SPRINGFIELD — Calling the city’s pension liability a “fiscal time bomb,” City Council Finance Committee Chairman Timothy Allenhas scheduled two additional meetings this week to discuss current strategies and future options to resolve the issue.
The Finance Committee is scheduled to meet Monday at 1 p.m. and Tuesday at 2 p.m. at City Hall with several city officials including members of the finance team on the pension liability issue. The latest sessions are believed to be the fourth and fifth on the issue in recent weeks.
The Springfield pension system is 26 percent funded, making it the worst-funded public pension system in the state, officials said.
“It’s a fiscal time bomb, it’s an absolute fiscal time bomb for Springfield,” Allen said Friday. “It’s time for us to take action.”
In addition, Allen said he wants to speak with representatives of the city’s bond rating agencies, Moody’s and Standard & Poor’s, for information on the city’s strong bond ratings despite the pension issue. He said his inquiry is informational and not undermining the city.
A state retirement commission has approved a more aggressive plan for Springfield to fund its pension system, now just 26 percent funded, but stated it has “serious concerns” about the long-term sustainability of the plan.
But another member of the Council Finance Committee, Timothy Rooke, said the pension issue is not new following numerous advisories from the city’s financial team in recent years, with Allen being among those informed coupled with his direct conversations with finance officials.
“I’m starting to think he’s the absent-minded professor,” said Rooke, who supports current strategies that have been approved by local and state retirement boards.

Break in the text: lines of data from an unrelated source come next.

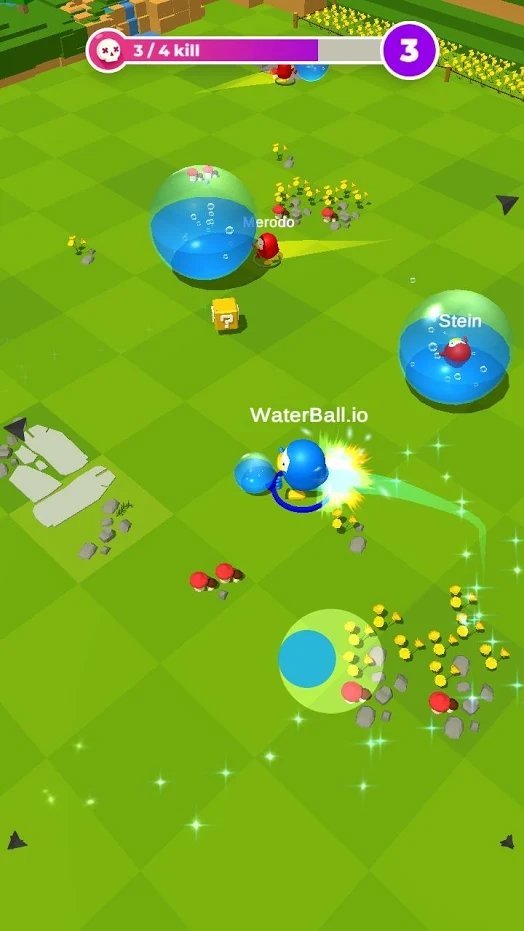 Waterball.io(ˮըİ)v1.0.2 ׿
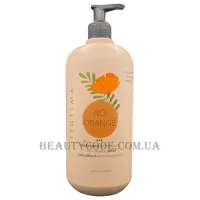 TEOTEMA Mask No Orange - Антипомаранчева маска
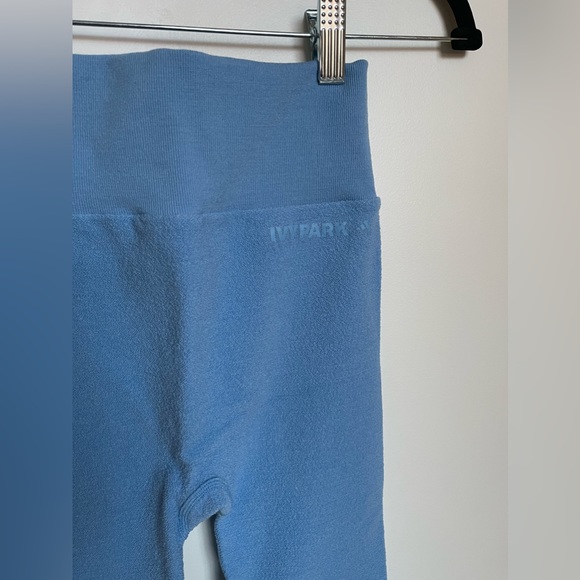 Ivy Park x ADIDAS Terry Cloth Leggings - XS - Picture 5 of 6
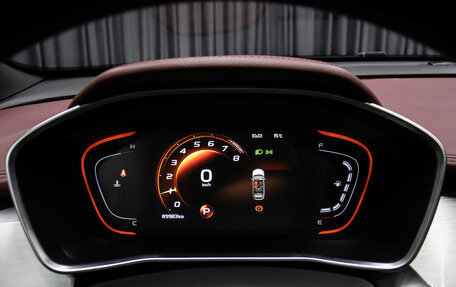 Geely Coolray I, 2022 год, 1 598 000 рублей, 13 фотография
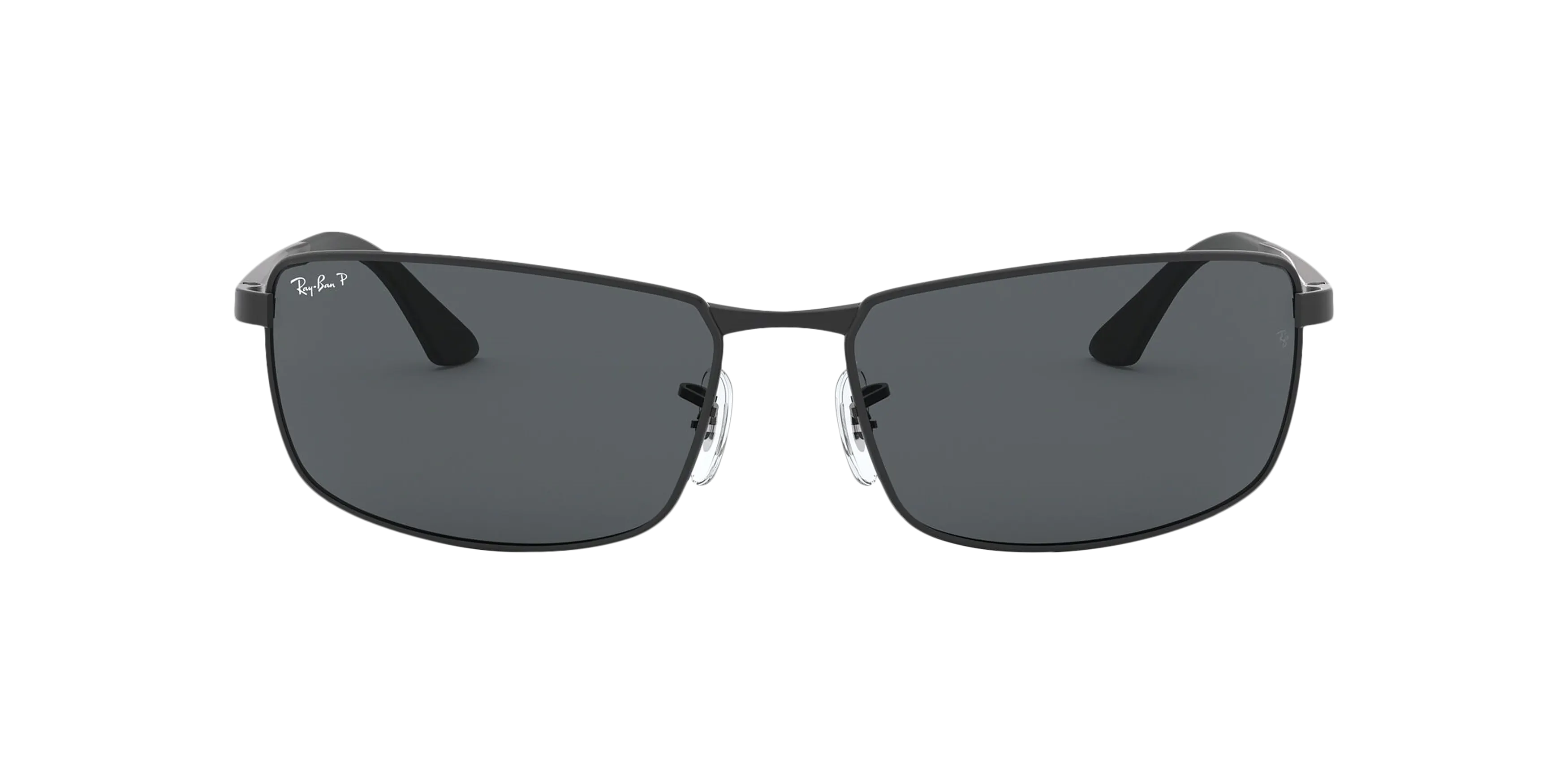 Front, Ray-Ban RB3498 006/81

Allen, who is a faculty member at Springfield College, said the issue is very serious and he intends to stay on it.
Mayor Domenic J. Sarno is among city officials who have defended the city’s current multi-year strategy to deal with the pension liability issue. That strategy has been approved by the city and state retirement boards and will allow the city to fully fund the pension system by 2034 by increasing payments yearly.
In addition, Sarno announced Thursday he is creating a new pension reserve fund and will initially place $721,487 in that account to further aid the effort.
Allen had called for a greater amount.
The city has allocated $30.2 million for pension costs for fiscal year 2017, which begins July 1. The amount will rise by 14 percent in fiscal 2018 and another 14 percent in fiscal 2019, to help the prolonged catch-up effort, officials said.
The city’s total unfunded pension liability totaled approximately $731 million in 2014.
Mayor Domenic J. Sarno is creating a reserve pension fund, initially with $721,487, as part of an “aggressive” schedule to fully fund city employees’ retirement accounts.
Rooke said he is not attending the upcoming two Finance Committee meetings on the pension issue, citing information he has already received numerous times, including a lengthy meeting in September, and his own conversations with city finance officials.
While Allen and finance officials have stated recently that city retiree pensions are safe, Rooke criticized Allen’s reference to a “time bomb.”
“That is reckless to say we have a ticking time bomb for the retirees,” Rooke said. “You have to understand that many of the retires are elderly and on fixed incomes.”
Allen said the meetings this week will also address the funds left in the free cash surplus from fiscal 2015, with 15 percent of the surplus earmarked by the mayor for the pension reserve. The council will consider approving that transfer on June 20, and does not have power to add to the amount without the mayor submitting an increase.
Allen said the pension fund will increase by $4.2 million next year alone, so the city needs to set aside any funds possible to offset that impact and future impacts.
Council President Michael Fenton has also advocated for more aggressive action to address the pension liability.
Springfield’s salary database for 2015 revealed that 330 city and school employees earned more than $100,000 annually including 179 police officers topping that income.